5 Ways To Avoid Dog Separation Anxiety

For over a year, many people have been confined to their homes due to lockdown. Some used this unexpected free time to welcome a new puppy into their family, with the opportunity to focus on training methods.

As offices begin to reopen and socialising restrictions continue to lift, dog owners will likely be spending more time away from their furry friend. If your pup is accustomed to having your undivided attention, being away from you for extended periods may come as a shock.

Before returning to your former routine, prepare your dog for being alone to avoid causing signs of dog separation anxiety such as destructive chewing, whining, and accidental urination.

So that being without you doesn’t become a stressful ordeal, here are five methods to help your dog adapt to your lifestyle changes.

1) Leave your dog alone while you’re at home
Before you leave your dog at home alone, sit in a separate room to them while you’re still in the house. To begin with, leave them alone for a few minutes to see how they respond and, if they’re comfortable, slowly increase the length of time.

Adult dogs shouldn’t be left alone for longer than four hours, but the timeframe is between 30 and 60 minutes for puppies. Of course, gradually lead up to this period of time.

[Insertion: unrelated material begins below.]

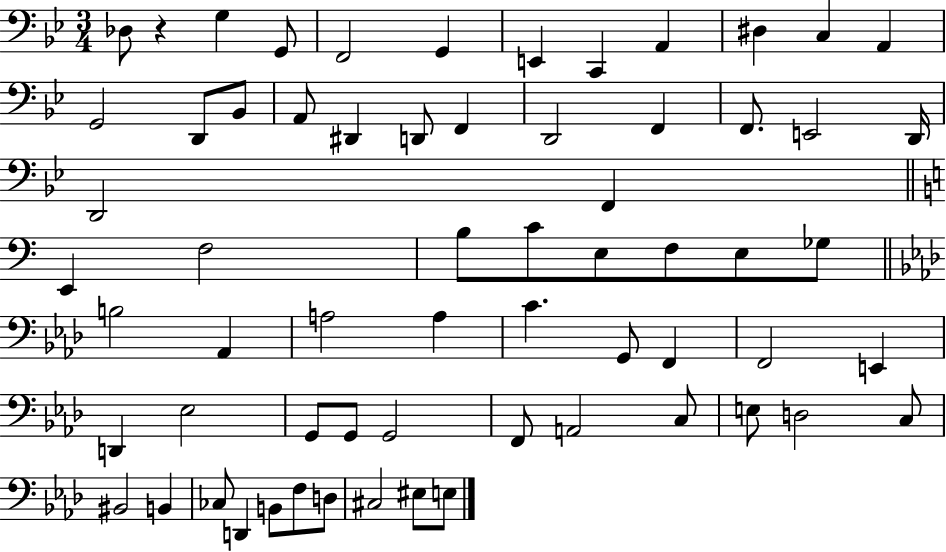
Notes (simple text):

If your pup whines, try not to respond until after they’ve stopped, as this can encourage anxious behaviour. Instead, reward the pooch with a treat or positive reinforcement when they become calm. Whining could be a sign that you’re rushing the process and you may need to take a step back.

2) Create a safe space
Creating a den for the pup, such as a crate or outdoor kennel, can help them feel calm when you aren’t around. To ensure this space relaxes the pooch, make it as comfortable as possible by placing blankets, toys, food, and water inside.

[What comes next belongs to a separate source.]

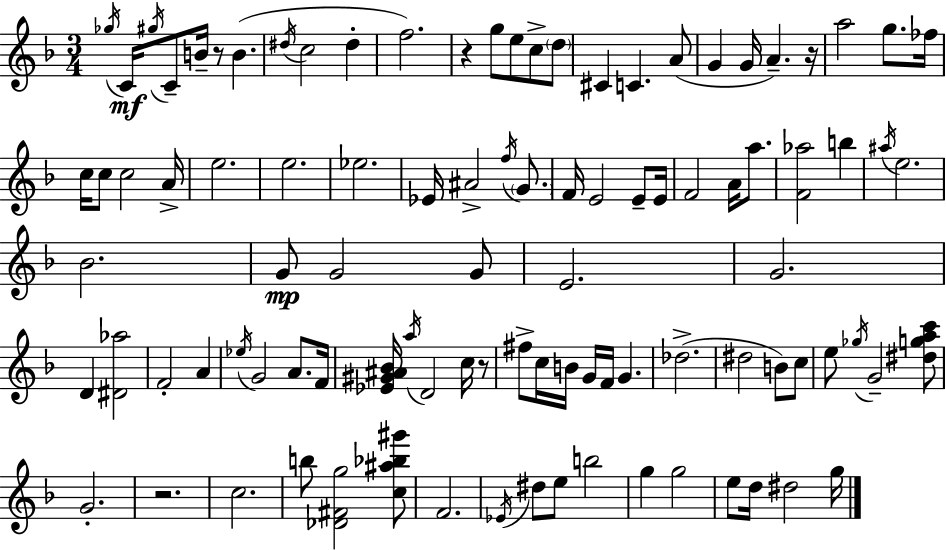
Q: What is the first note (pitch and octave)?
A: Gb5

Never place your dog inside the crate as a punishment, either, as they’ll associate it with negativity. Let the pup use it on their terms, and don’t disturb them when they’re using it either.

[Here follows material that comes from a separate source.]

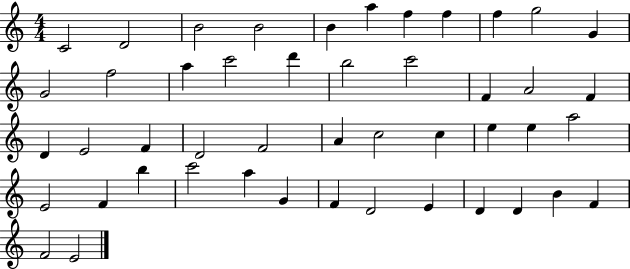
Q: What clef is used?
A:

Follow a gradual crate training process so they can adjust to using it without feeling isolated. Once fully trained, crates can be used for mealtimes, sleeping, and when you’re not at home.

The kennel retailer, Benchmark Kennels, have a range of spacious, sheltered, and insulated outdoor kennels that you can customise to suit your dog’s needs. Don’t leave your dog in the kennel unsupervised, and always lock the doors to mitigate theft. A kennel is useful for getting your dog used to being alone while you’re still in the house.

3) Keep them entertained
If your pup is bored when alone, they may become anxious and demonstrate destructive behaviour such as chewing your furniture or using your rug as a toilet.

For mental enrichment, provide the pooch with puzzle treat dispensers, chew toys, and interactive toys. As well as this, keep the TV on playing videos designed for stimulating dogs’ senses, with common outdoor sights and sounds.

4) Install a pet camera
Even when you aren’t at home, you can still check on and communicate with your dog by installing a pet camera with two-way audio, toys, and treat dispensers. Using this device will help to keep your own separation anxiety at bay too. 

5) Socialise your dog
If you’re away from home for a large portion of the day, you may need to hire a dog sitter or ask a friend to pop in to feed your pup and take them for a walk. However, your puppy may be nervous around other people because of lockdown.

To help your dog get used to being near other humans again, invite one person who isn’t a member of your household to your home, your dog’s territory, for a short interval. Once they feel comfortable being with this person for longer periods, gradually introduce them to more people.

After implementing these tactics, your pup should be more independent and okay with being away from you. However, never leave your dog alone for longer than advised, and ensure they have enough food and water and have access to their usual toilet spot. If they do develop separation anxiety, seek advice from a dog behavioural therapist or a veterinary professional.